Daily Gospel Reflection: Monday of the Third Week of Easter
Bishop Robert Barron
Monday of the Third Week of Easter
April 15, 2024
Gospel: Jn 6:22-29
[After Jesus had fed the five thousand men, his disciples saw him walking on the sea.]
The next day, the crowd that remained across the sea
saw that there had been only one boat there,
and that Jesus had not gone along with his disciples in the boat,
but only his disciples had left.
Other boats came from Tiberias
near the place where they had eaten the bread
when the Lord gave thanks.
When the crowd saw that neither Jesus nor his disciples were there,
they themselves got into boats
and came to Capernaum looking for Jesus.
And when they found him across the sea they said to him,
“Rabbi, when did you get here?”
Jesus answered them and said,
“Amen, amen, I say to you, you are looking for me
not because you saw signs
but because you ate the loaves and were filled.
Do not work for food that perishes
but for the food that endures for eternal life,
which the Son of Man will give you.
For on him the Father, God, has set his seal.”
So they said to him,
“What can we do to accomplish the works of God?”

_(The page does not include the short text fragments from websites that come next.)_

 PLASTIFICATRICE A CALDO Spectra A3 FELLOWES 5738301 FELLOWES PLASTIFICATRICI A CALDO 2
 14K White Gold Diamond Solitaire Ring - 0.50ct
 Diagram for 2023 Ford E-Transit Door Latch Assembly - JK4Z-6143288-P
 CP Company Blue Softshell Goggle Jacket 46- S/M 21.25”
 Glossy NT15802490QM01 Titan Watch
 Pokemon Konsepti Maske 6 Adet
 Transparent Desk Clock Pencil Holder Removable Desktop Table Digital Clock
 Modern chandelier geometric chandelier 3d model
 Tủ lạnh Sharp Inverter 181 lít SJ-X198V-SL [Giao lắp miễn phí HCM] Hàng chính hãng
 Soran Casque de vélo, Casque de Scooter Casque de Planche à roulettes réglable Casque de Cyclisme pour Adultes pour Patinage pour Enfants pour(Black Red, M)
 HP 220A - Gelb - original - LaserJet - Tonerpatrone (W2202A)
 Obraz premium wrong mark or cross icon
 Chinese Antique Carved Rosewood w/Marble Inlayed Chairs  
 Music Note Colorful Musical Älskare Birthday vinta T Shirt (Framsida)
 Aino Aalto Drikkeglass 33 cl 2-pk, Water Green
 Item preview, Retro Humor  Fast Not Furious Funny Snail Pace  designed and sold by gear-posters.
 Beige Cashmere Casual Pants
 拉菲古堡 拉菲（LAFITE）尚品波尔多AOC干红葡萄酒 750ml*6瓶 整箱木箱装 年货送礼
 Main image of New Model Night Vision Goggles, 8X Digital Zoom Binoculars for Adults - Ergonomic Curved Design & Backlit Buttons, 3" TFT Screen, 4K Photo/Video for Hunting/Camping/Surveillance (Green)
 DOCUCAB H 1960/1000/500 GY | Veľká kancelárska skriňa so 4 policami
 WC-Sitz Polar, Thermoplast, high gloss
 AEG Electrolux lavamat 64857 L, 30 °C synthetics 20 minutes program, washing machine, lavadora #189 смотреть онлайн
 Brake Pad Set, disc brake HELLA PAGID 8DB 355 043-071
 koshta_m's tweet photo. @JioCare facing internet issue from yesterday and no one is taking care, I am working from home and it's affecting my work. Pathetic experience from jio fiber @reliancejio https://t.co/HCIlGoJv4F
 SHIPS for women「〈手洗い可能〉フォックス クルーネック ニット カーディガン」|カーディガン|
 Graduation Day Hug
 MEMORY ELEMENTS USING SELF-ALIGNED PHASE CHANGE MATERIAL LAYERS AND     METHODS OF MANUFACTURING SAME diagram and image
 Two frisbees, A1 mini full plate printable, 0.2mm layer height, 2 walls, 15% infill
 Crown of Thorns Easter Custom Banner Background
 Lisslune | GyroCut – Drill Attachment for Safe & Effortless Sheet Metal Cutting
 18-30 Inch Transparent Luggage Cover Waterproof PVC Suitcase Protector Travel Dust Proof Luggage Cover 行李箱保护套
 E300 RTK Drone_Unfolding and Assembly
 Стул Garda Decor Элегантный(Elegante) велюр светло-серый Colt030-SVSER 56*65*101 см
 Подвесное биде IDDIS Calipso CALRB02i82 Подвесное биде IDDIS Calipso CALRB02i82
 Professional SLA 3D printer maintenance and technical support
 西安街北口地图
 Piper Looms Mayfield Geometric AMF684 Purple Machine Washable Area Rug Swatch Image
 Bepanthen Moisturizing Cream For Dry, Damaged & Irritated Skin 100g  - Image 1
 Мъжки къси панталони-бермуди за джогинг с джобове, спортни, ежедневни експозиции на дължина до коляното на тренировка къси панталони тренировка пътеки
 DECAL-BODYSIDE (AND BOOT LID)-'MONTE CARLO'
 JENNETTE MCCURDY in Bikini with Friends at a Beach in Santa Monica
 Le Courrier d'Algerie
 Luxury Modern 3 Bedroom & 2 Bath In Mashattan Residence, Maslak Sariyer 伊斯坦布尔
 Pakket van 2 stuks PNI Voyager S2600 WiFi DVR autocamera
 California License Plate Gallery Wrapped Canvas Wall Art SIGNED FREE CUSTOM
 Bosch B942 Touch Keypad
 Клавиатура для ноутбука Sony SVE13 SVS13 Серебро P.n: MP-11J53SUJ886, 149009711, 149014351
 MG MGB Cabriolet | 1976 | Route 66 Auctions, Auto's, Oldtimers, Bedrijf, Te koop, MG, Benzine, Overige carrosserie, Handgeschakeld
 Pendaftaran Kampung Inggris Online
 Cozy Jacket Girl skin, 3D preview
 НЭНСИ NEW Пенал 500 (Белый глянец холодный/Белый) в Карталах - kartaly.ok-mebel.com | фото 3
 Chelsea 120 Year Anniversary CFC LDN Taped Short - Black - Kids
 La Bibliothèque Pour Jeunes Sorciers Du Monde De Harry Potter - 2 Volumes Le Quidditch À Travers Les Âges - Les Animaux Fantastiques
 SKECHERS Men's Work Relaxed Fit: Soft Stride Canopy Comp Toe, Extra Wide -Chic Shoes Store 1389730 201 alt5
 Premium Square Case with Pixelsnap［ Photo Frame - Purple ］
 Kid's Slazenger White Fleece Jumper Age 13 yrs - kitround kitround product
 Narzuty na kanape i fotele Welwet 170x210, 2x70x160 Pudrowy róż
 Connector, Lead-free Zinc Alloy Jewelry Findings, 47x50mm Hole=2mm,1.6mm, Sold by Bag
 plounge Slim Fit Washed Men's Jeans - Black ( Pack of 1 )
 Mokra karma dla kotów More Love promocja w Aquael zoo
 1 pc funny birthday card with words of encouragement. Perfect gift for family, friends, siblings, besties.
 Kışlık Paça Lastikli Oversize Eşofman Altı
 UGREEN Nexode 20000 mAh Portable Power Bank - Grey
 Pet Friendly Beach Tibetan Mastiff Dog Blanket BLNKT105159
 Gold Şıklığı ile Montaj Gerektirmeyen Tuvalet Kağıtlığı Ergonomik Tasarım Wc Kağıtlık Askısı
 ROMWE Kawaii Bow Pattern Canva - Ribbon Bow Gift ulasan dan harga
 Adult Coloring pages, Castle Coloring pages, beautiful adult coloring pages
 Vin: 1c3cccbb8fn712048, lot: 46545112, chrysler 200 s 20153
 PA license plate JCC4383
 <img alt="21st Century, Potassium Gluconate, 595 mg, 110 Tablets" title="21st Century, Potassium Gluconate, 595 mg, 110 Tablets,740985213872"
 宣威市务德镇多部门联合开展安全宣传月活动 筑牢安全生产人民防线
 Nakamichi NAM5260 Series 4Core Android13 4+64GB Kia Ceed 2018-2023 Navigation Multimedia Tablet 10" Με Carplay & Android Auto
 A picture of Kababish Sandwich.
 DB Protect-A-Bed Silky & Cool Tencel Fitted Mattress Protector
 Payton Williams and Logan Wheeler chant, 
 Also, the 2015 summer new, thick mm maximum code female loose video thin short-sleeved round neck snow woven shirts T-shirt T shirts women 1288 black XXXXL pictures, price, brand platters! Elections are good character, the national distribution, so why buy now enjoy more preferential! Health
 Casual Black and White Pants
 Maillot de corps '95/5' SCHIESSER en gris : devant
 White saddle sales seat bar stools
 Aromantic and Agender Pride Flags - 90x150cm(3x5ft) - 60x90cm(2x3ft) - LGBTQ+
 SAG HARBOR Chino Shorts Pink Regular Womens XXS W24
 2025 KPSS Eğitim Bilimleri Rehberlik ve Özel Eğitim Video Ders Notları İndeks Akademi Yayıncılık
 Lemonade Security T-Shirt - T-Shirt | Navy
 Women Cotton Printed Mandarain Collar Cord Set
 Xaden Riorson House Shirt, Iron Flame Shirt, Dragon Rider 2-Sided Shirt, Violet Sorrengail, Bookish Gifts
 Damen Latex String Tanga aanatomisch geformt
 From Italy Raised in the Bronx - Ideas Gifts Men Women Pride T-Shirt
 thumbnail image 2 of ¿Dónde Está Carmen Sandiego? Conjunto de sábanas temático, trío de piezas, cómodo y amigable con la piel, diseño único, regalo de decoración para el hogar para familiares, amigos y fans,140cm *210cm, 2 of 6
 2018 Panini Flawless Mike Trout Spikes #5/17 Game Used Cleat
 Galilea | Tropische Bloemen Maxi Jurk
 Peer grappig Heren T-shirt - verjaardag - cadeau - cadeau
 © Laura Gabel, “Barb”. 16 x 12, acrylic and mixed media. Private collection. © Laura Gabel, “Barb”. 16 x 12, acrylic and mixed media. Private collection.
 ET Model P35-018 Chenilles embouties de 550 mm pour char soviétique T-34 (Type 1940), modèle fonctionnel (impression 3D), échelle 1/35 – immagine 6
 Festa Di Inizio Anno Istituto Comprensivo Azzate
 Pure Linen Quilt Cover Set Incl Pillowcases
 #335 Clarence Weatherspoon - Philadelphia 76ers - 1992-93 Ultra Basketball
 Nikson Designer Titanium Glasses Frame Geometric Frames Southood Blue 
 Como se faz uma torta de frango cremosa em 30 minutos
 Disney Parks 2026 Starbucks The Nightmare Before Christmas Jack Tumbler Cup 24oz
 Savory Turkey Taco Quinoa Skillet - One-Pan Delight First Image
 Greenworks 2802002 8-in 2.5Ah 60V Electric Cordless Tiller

Jesus answered and said to them,
“This is the work of God, that you believe in the one he sent.”
*United States Conference of Catholic
Bishop Robert Barron
Friends, in today’s Gospel, Jesus tells the crowd, which he just fed, to believe in him and relate to him personally. Why is this so hard? Well, it is intellectually counterintuitive. Why would this one figure, this Jesus, be the one and only? Why should I choose to relate to him and not the numerous other religious leaders and philosophers? Are all other religious people just lost or misguided? Wouldn’t it just be easier to relate to Jesus’ ideas and principles, to imitate his style of life? Yes, indeed it would, but that’s not what he says.
Perhaps we could look at it from Jesus’ side. Jesus no longer calls us “servants,” but “friends.” What if there were someone who wanted to be friends with you, and you were to say, “Oh sure! I admire you and would like to imitate your form of life, but I don’t want to spend a lot of time with you.” How would that strike your prospective friend?
What is unique to Christianity is that God is offering us friendship. You don’t mess around with friendship; you don’t turn it into something abstract; you don’t compromise with it. You enter into it fully.